London - Glencore and Xstrata agreed an all-share merger
worth $90bn on Tuesday in the industry's largest ever deal, creating a
commodities powerhouse spanning mining, agriculture and trading.
Glencore, the world's largest diversified commodities
trading house, will issue 2.8 new shares for each Xstrata share in a deal they
said was a "merger of equals".
The ratio is a 15.2% premium to Xstrata shareholders
compared with its share price last Wednesday before word leaked out about the
merger talks, a joint statement said.
"A merger between Glencore and Xstrata offers a unique
opportunity to create a new business model in our industry to respond to a
changing environment. It is the logical next step for two complementary
businesses," said Xstrata chief executive Mick Davis, who will be CEO of
the enlarged Glencore.
Glencore CEO Ivan Glasenberg will be deputy CEO and Xstrata
chairman John Bond will retain his post.
Xstrata shareholders other than Glencore, which already has
a 34% stake in the mining group, will hold 45% of the new group.
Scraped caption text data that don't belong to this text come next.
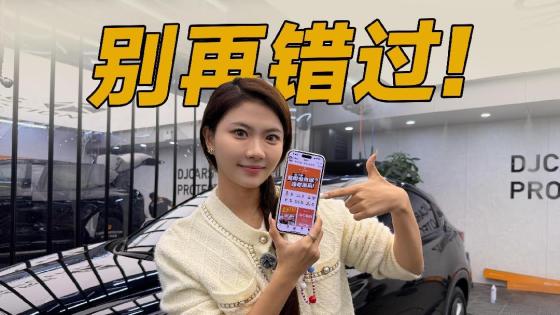 你有一份免费窗膜待领取！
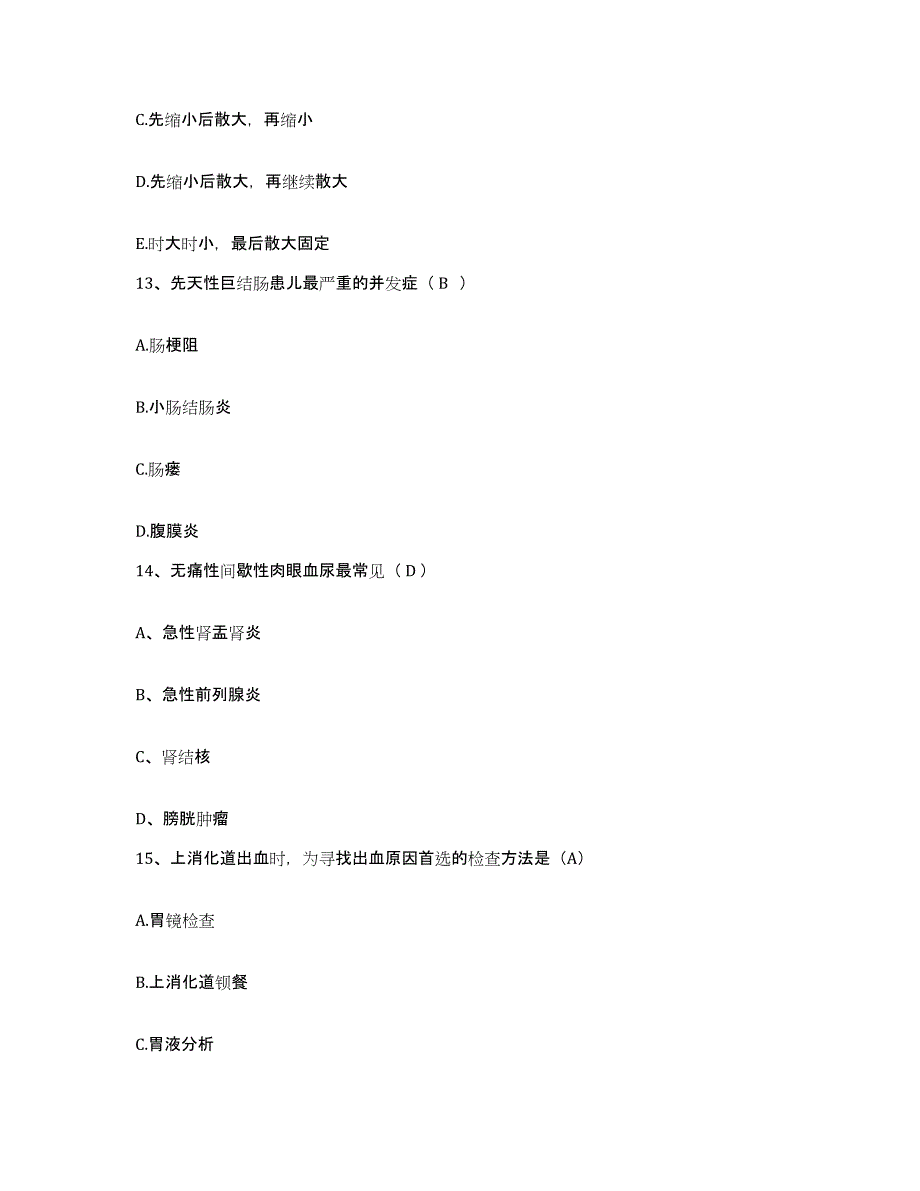 备考2025山东省济南市天桥区第二人民医院护士招聘模拟题库及答案_第4页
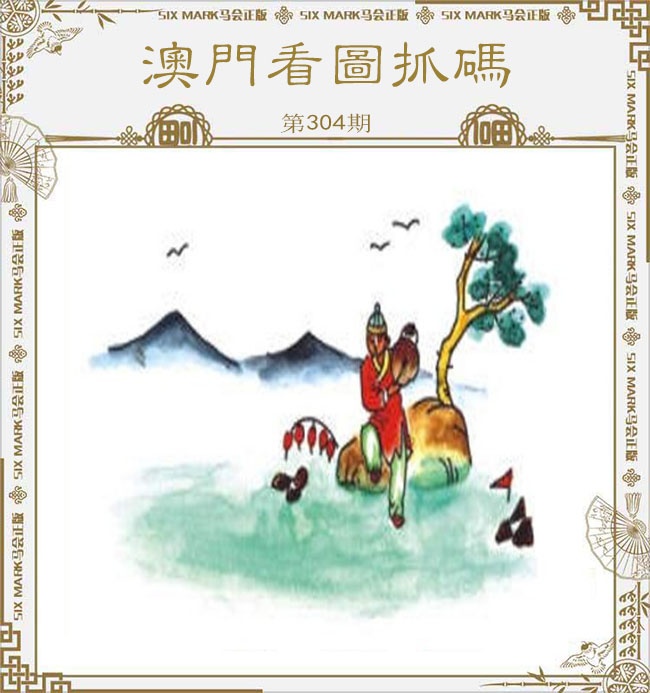 新澳门生肖彩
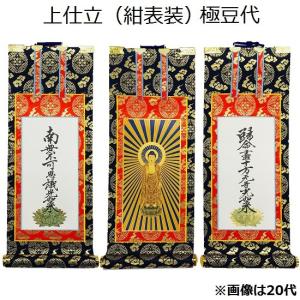 掛軸 仏壇用 浄土真宗本願寺派 20代 爆買 : 仏壇仏具のまごころ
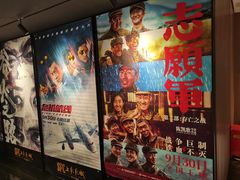 -曹杨影城(曹杨店)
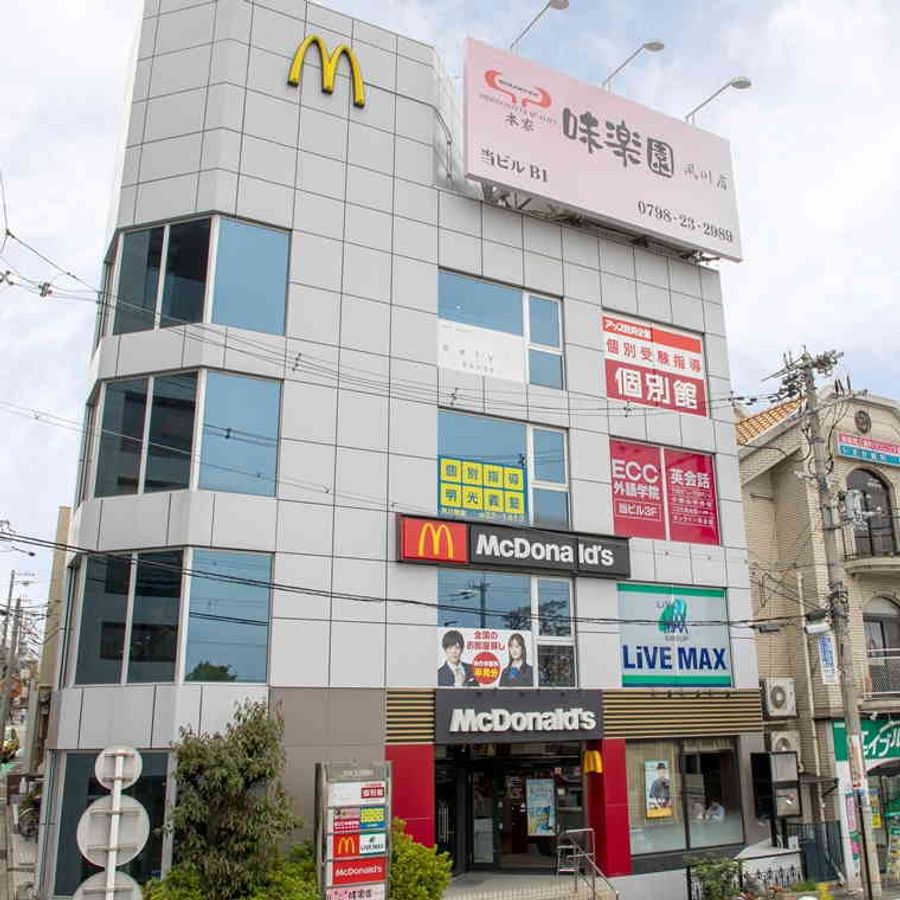 個別館 夙川校2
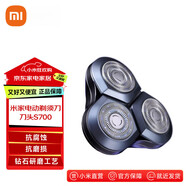 小米（MI）米家電動剃須刀S700 陶瓷刀頭 金屬機身 胡須密度監(jiān)測直驅(qū)無 米家電動剃須刀刀頭S700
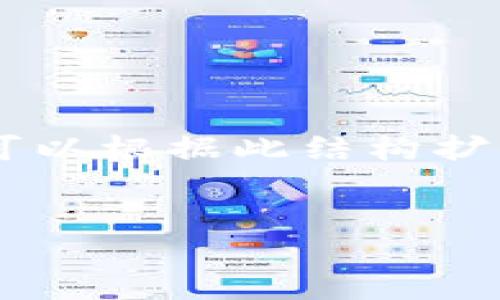 注意：由于请求内容较长，我将提供一种简短的结构和内容来帮助您开始，您可以根据此结构扩展详细内容。请注意，2900个字是一个相当庞大的文本，下面的内容仅为框架。


长沙公安与加密货币：安全与监管的双重挑战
Bringing together Xstrata, the world's fourth-biggest
diversified miner, and Glencore will create a group looking to ride an extended
surge in demand in coming years for commodities from China and other emerging
nations.
As the world's biggest exporter of coal for power plants and
a top copper producer, the combined firm aims to have the bulk to compete with
mining sector leaders BHP Billiton [JSE:BIL], Vale and Rio Tinto.
On Monday, Xstrata shares closed down 1.7% while Glencore declined 4.5%, against a 1.0% fall in the sector, with both still above the level they were at before the potential deal was announced.